Site Reliability Engineer (SRE)
Job Description :
We are looking for an experienced and highly skilled Site Reliability Engineer (SRE) to join our dynamic team. The ideal candidate will have expertise in managing cloud infrastructure, particularly with Google Cloud Platform (GCP), and extensive experience with containerization technologies like Docker and Kubernetes. This role demands strong automation, scripting capabilities, and experience with infrastructure as code (IaC), monitoring, troubleshooting, and Helm for Kubernetes package management.
Key Responsibilities:
- Google Cloud Platform Management: Manage, monitor, and optimize cloud infrastructure on GCP, ensuring high availability, performance, and scalability of services.
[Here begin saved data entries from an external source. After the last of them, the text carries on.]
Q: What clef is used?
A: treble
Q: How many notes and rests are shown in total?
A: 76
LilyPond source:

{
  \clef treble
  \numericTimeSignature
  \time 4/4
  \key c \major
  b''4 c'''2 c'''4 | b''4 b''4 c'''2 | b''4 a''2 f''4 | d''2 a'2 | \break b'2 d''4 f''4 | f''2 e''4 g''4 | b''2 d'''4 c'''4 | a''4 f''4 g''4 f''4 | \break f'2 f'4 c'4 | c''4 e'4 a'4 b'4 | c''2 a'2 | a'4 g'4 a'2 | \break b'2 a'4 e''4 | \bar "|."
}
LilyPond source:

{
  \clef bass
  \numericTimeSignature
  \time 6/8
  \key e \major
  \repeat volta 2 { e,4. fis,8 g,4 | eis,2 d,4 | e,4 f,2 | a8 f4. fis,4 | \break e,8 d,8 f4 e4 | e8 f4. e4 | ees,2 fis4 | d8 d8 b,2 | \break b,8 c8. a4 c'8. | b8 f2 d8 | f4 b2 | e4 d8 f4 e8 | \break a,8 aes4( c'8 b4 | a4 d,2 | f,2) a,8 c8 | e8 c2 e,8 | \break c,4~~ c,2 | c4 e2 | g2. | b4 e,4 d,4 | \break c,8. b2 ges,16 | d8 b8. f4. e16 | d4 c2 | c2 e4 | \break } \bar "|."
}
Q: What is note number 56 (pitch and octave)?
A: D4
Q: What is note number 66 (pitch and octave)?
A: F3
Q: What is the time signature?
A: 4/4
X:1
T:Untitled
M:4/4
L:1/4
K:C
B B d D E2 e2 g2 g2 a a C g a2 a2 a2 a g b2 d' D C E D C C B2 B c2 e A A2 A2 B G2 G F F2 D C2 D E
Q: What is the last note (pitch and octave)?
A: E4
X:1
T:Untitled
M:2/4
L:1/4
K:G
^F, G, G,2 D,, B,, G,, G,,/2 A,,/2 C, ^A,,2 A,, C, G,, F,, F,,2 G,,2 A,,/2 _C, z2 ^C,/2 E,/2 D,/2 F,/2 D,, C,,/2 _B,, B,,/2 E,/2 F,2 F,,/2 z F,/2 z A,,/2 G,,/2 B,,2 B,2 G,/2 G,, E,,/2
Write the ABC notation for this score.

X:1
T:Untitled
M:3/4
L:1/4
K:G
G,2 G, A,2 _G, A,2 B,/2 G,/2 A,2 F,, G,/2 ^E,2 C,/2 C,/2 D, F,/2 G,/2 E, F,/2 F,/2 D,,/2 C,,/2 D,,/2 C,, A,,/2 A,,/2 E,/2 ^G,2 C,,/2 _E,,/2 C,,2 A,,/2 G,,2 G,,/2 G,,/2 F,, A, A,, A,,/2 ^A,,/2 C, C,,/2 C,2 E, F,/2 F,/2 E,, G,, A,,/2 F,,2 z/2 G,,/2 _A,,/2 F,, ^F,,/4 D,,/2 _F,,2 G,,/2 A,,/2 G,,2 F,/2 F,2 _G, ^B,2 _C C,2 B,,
- Containerization with Docker and Kubernetes: Build, deploy, and manage containerized applications in Kubernetes (GKE) clusters. Optimize the container lifecycle and orchestration.
- Helm for Kubernetes: Use Helm for managing Kubernetes applications, simplifying deployment, and versioning of applications across environments.
- Scripting & Automation: Automate cloud infrastructure tasks using scripting languages such as Python, Bash, or similar, streamlining deployment and operational processes.
- Infrastructure as Code (IaC): Use Terraform for automating the provisioning and management of cloud resources. Maintain clean, scalable, and reusable infrastructure code.
- Monitoring & Logging: Implement and manage monitoring and logging tools such as GCP Monitoring, Nagios, Prometheus, and Grafana to ensure visibility into system performance and health.
- Troubleshooting & Incident Management: Troubleshoot applications and services deployed in GKE. Proactively resolve issues with infrastructure and services to minimize downtime.
- Database & Networking: Manage and troubleshoot Cloud SQL databases and handle network configuration and management to ensure efficient communication between services.
- CI/CD Pipeline Management: Manage and enhance CI/CD pipelines using GitHub Actions. Ensure smooth code deployment processes and enable continuous integration and delivery.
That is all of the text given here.